**ASSIGNMENT**:
Could you retype the lines below, starting at the line holding "Electric Pedicure Foot" and stopping at the line holding "Dr. David B.", inclusive? Copy them exactly and drop the images.
[RECORD EXTRACTS]
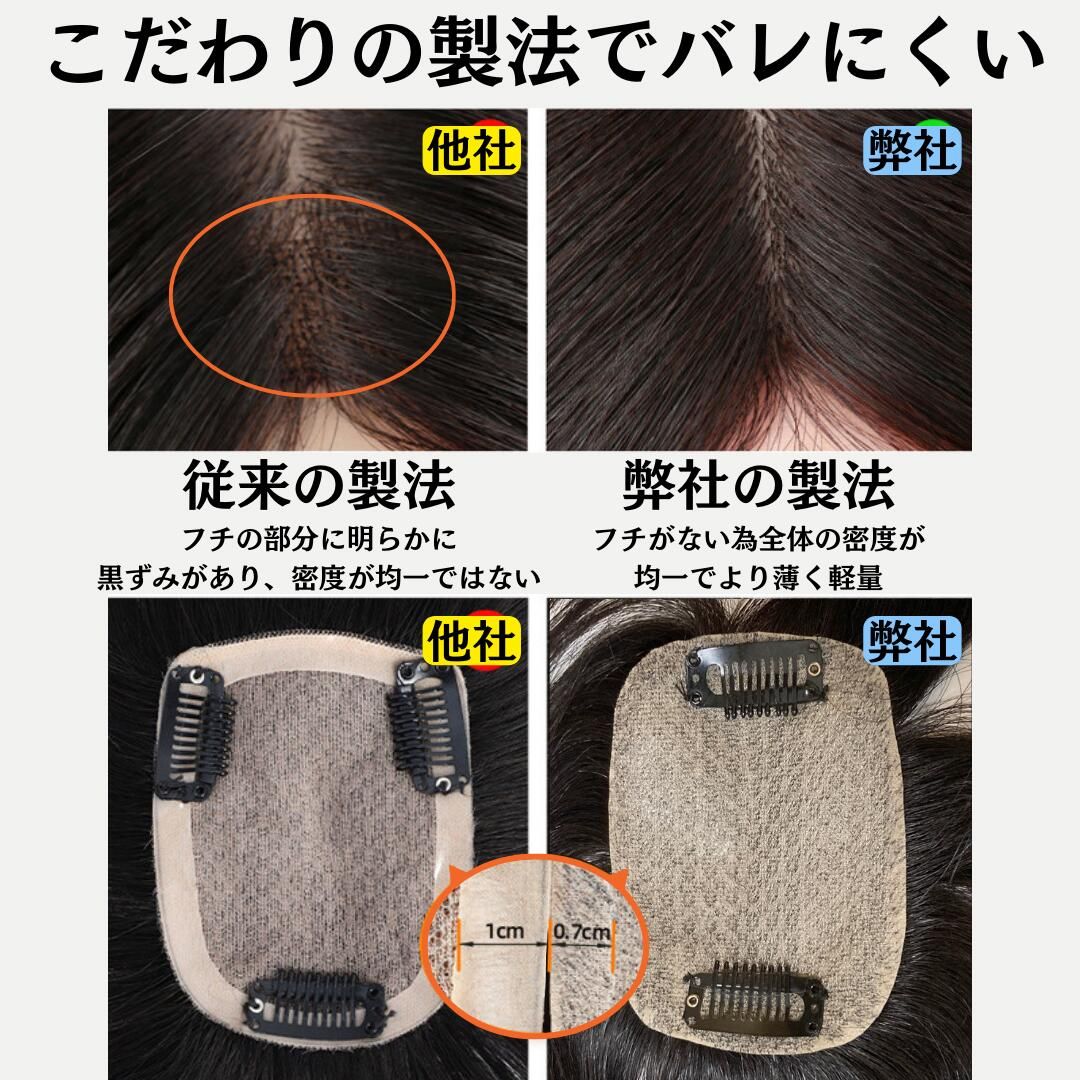 脱毛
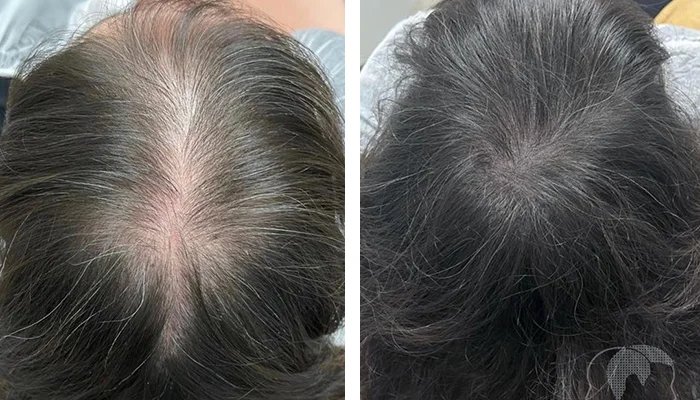 before & after photo of micropigmentation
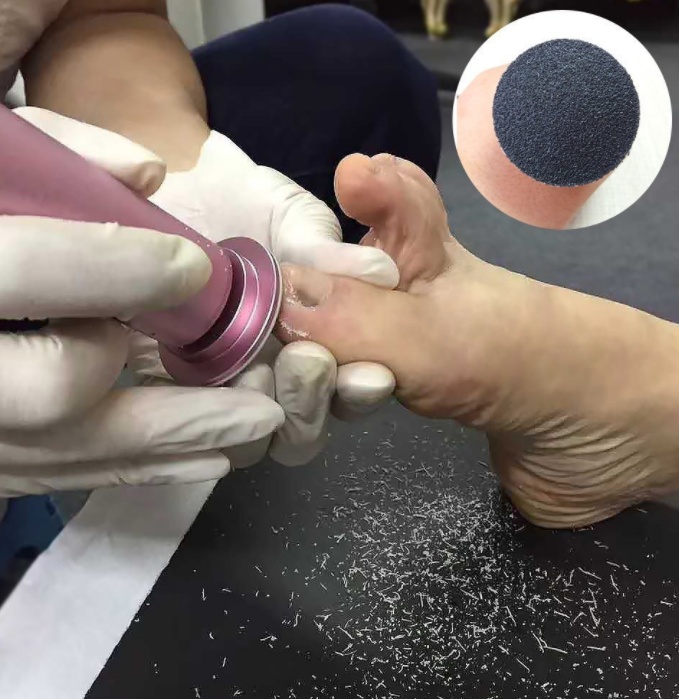 Electric Pedicure Foot Care Tool Files Pedicure Callus Remover Rechargeable Sawing File For Feet Dead Skin Callus Peel Remover - الصورة 4
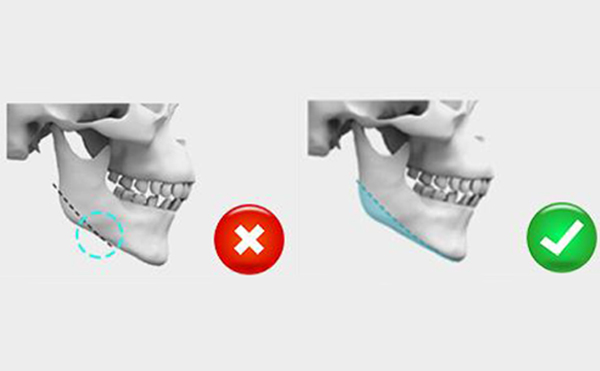 下頜角切除手術(shù)一般需要多少錢?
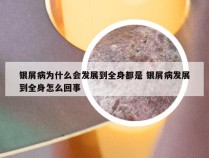 银屑病为什么会发展到全身都是 银屑病发展到全身怎么回事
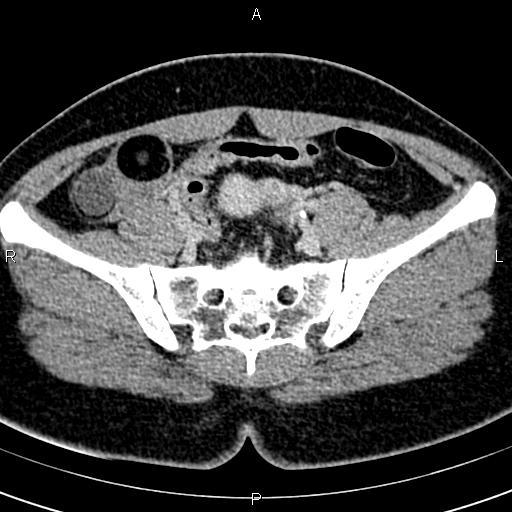 Bilateral ovarian teratoma (Radiopaedia 83131-97503 B 26).jpg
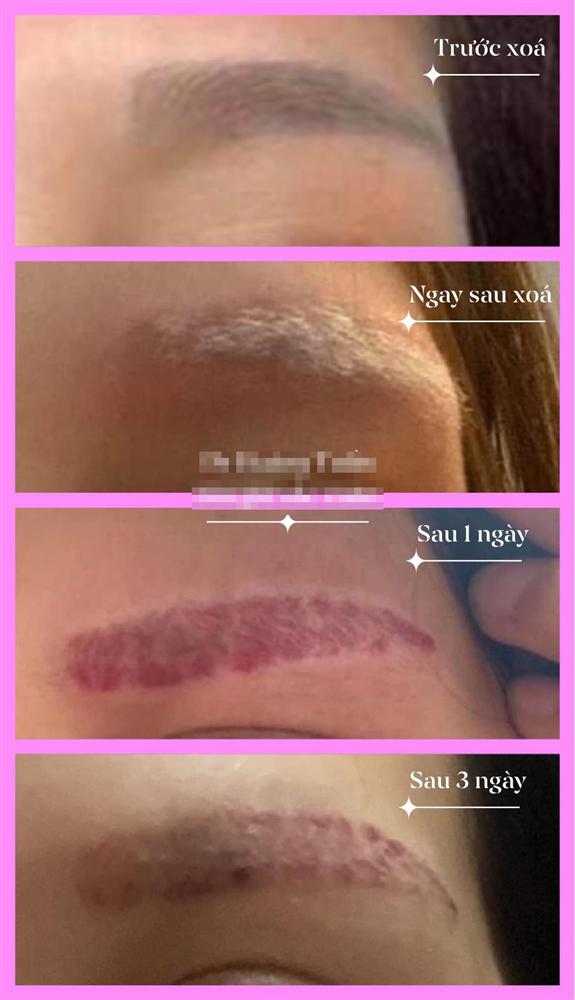 Cô gái đăng đàn bức xúc vì xóa xăm lông mày để lại vết bầm đỏ, lơ thơ sợi bạc, thẩm mỹ viện chính thức lên tiếng-6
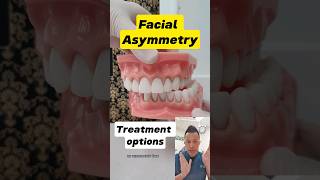 Facial Asymmetry Treatment What Are Your Options dentallan dentist shorts [upl. by Rosalynd]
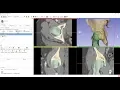 Femur segmentation using masked region growing in 3D Slicer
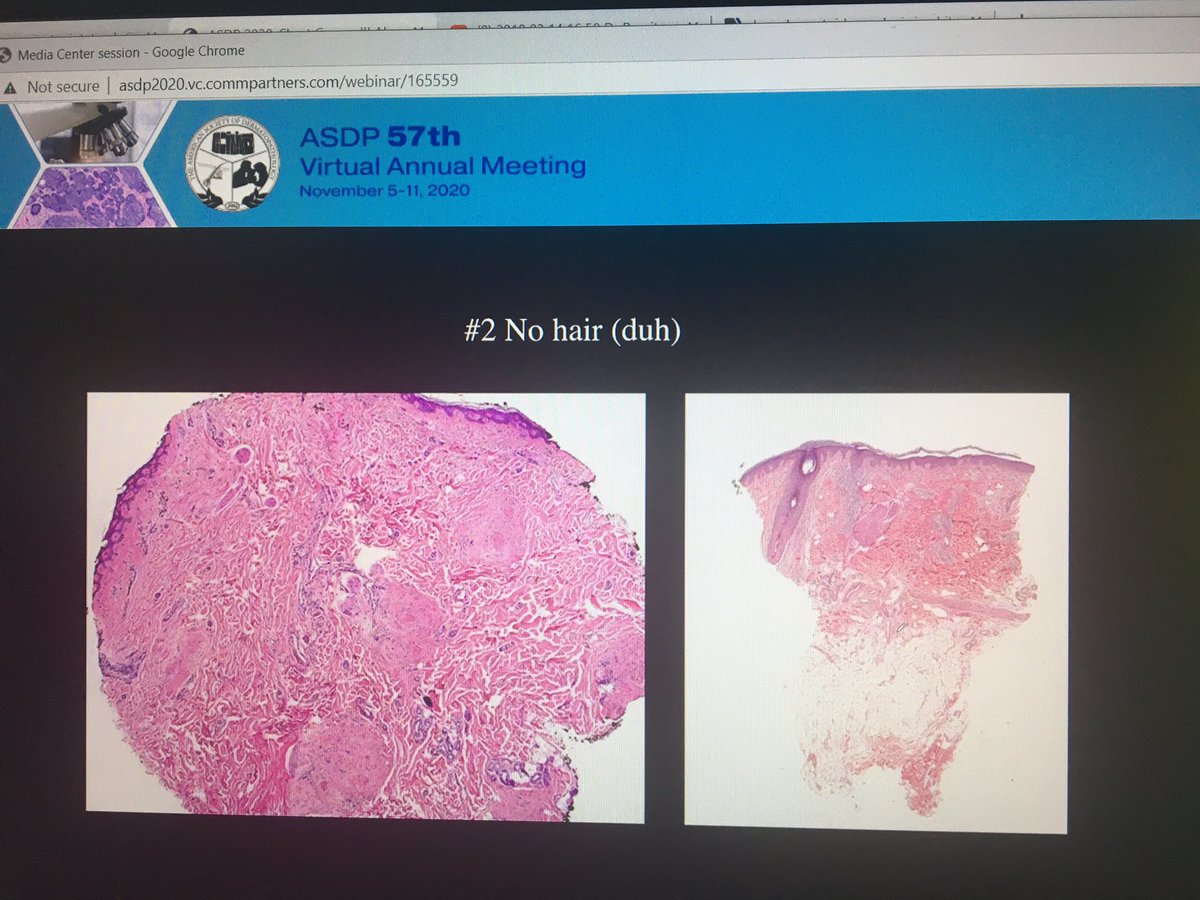 tonitatirado's tweet image. #dermpath #ASDP20 How to know you have a cicatricial alopecia 2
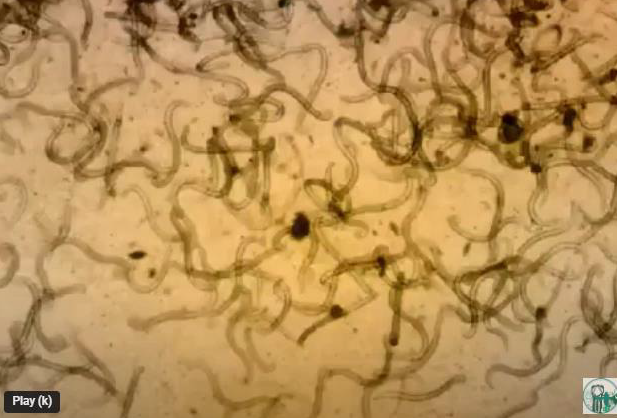 <p><span style="color: blue;"><em>Dictyocaulus: </em>Diagnosis</span></p>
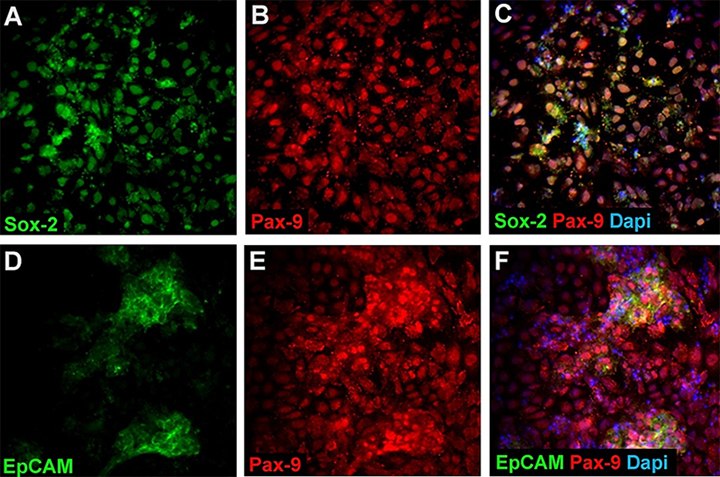 anterior-foregut-endoderm-marker-expression anterior-foregut-endoderm-marker-expression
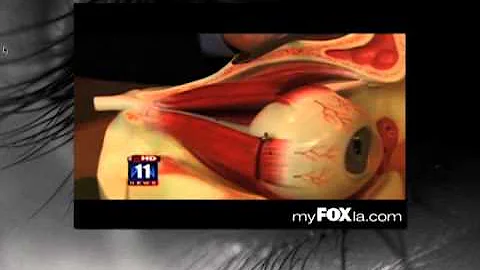 Dr. David B. Granet - Thyroid Eye Disease:  The Ba...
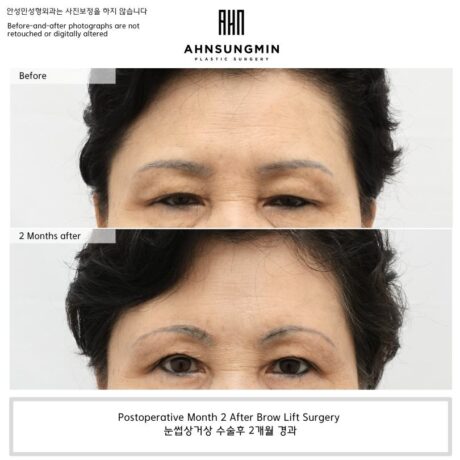 Why Forehead Compensation Can Make the Eyes Feel Heavy.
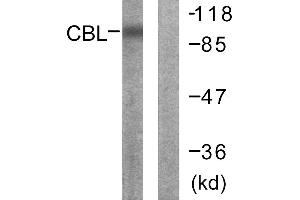 Immunohistochemistry analysis of paraffin-embedded human breast carcinoma tissue using CBL (Ab-700) antibody. (CBL antibody  (Tyr700))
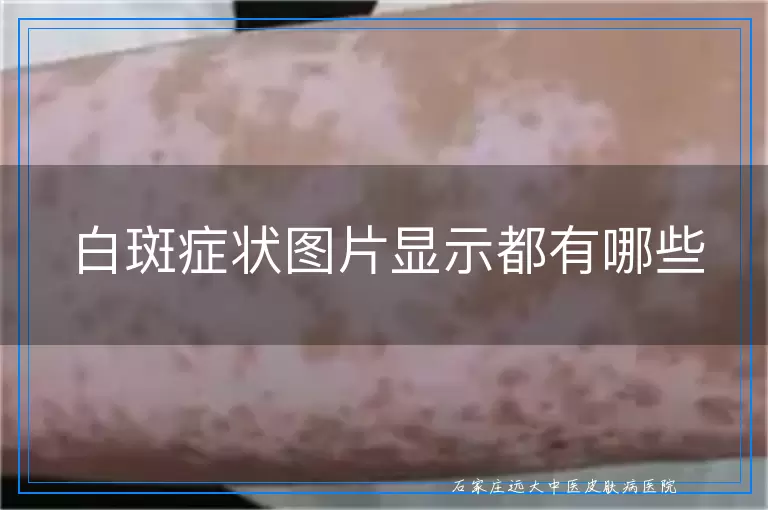 白斑症状图片显示都有哪些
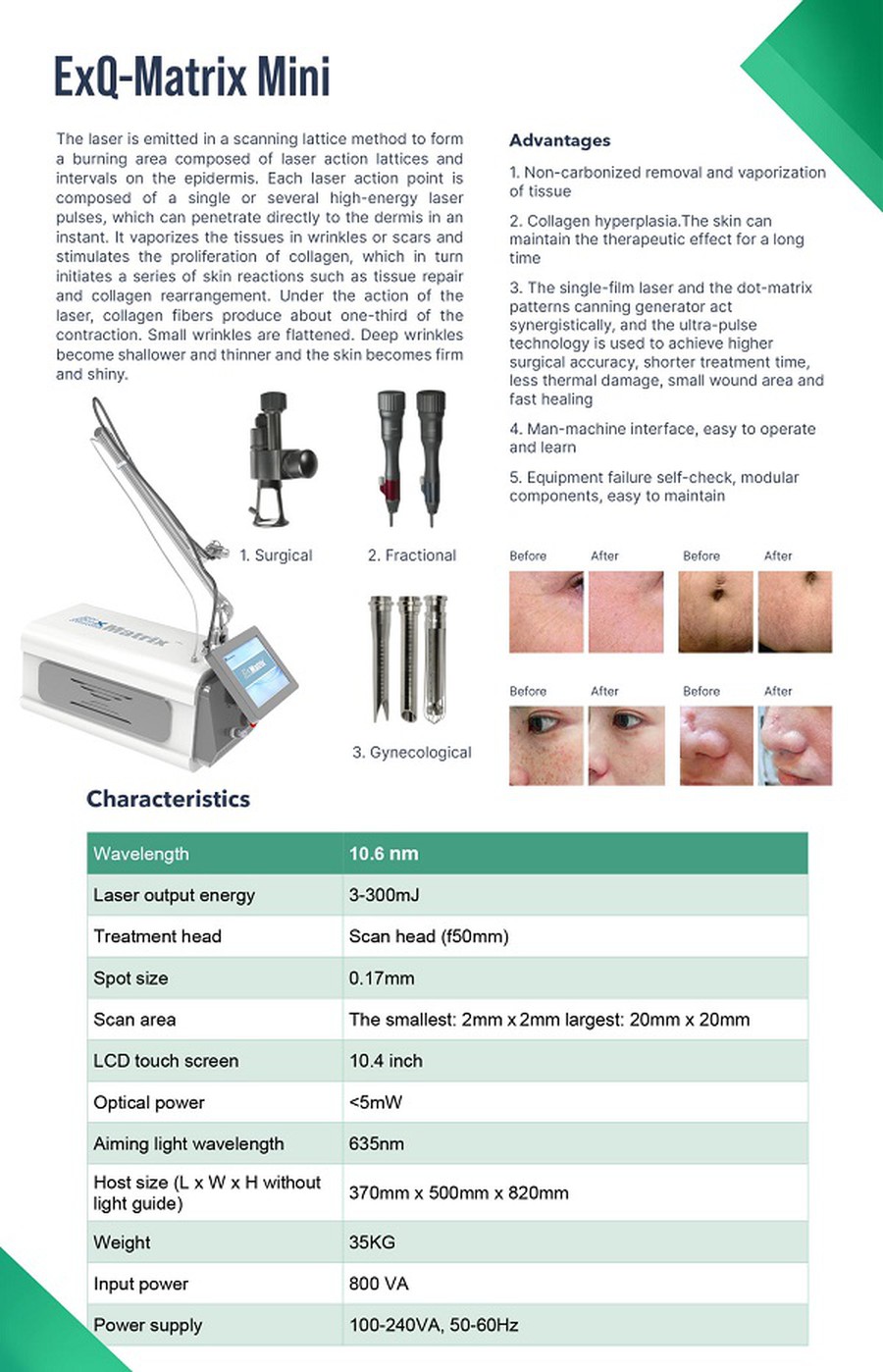 portable co2 beauty machine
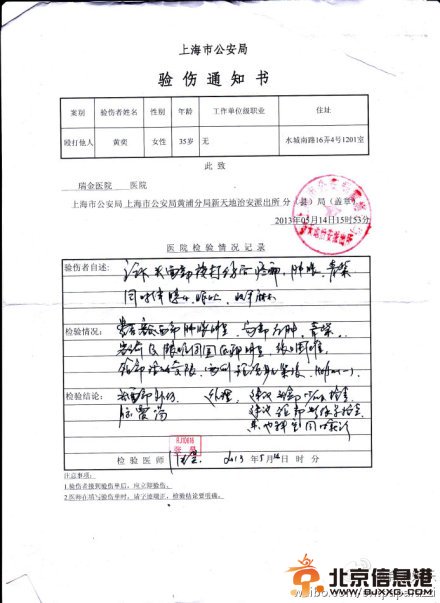 黄奕家暴是真是假 黄奕被老公黄毅清家暴证据揭秘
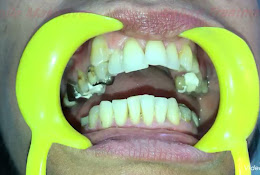 AF1QipPZPMGFwMm7mo-vGKZ9_-QIYXaUatwdnPSayh50w260-h175-n-k-no-5-1.jpg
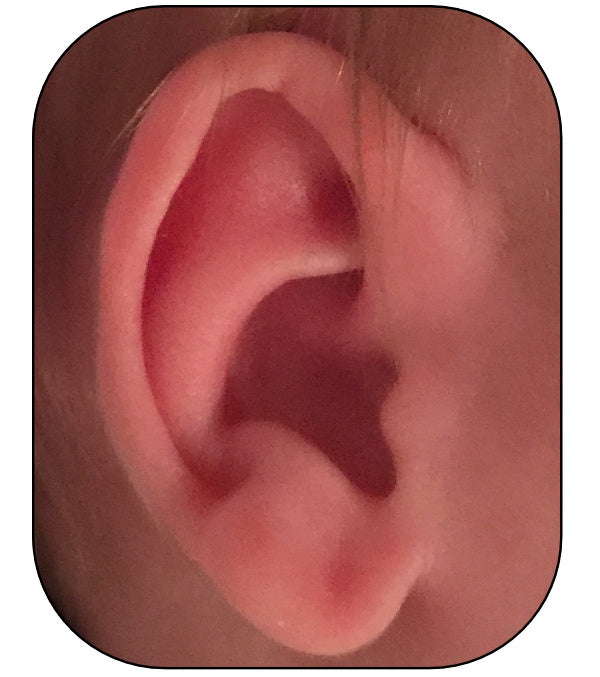 correction of kinked ears with ear buddies | parent review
[/RECORD EXTRACTS]
**ANSWER FOR THIS EXERCISE**:
 Electric Pedicure Foot Care Tool Files Pedicure Callus Remover Rechargeable Sawing File For Feet Dead Skin Callus Peel Remover - الصورة 4
 下頜角切除手術(shù)一般需要多少錢?
 银屑病为什么会发展到全身都是 银屑病发展到全身怎么回事
 Bilateral ovarian teratoma (Radiopaedia 83131-97503 B 26).jpg
 Cô gái đăng đàn bức xúc vì xóa xăm lông mày để lại vết bầm đỏ, lơ thơ sợi bạc, thẩm mỹ viện chính thức lên tiếng-6
 Facial Asymmetry Treatment What Are Your Options dentallan dentist shorts [upl. by Rosalynd]
 Femur segmentation using masked region growing in 3D Slicer
 tonitatirado's tweet image. #dermpath #ASDP20 How to know you have a cicatricial alopecia 2
 <p><span style="color: blue;"><em>Dictyocaulus: </em>Diagnosis</span></p>
 anterior-foregut-endoderm-marker-expression anterior-foregut-endoderm-marker-expression
 Dr. David B. Granet - Thyroid Eye Disease:  The Ba...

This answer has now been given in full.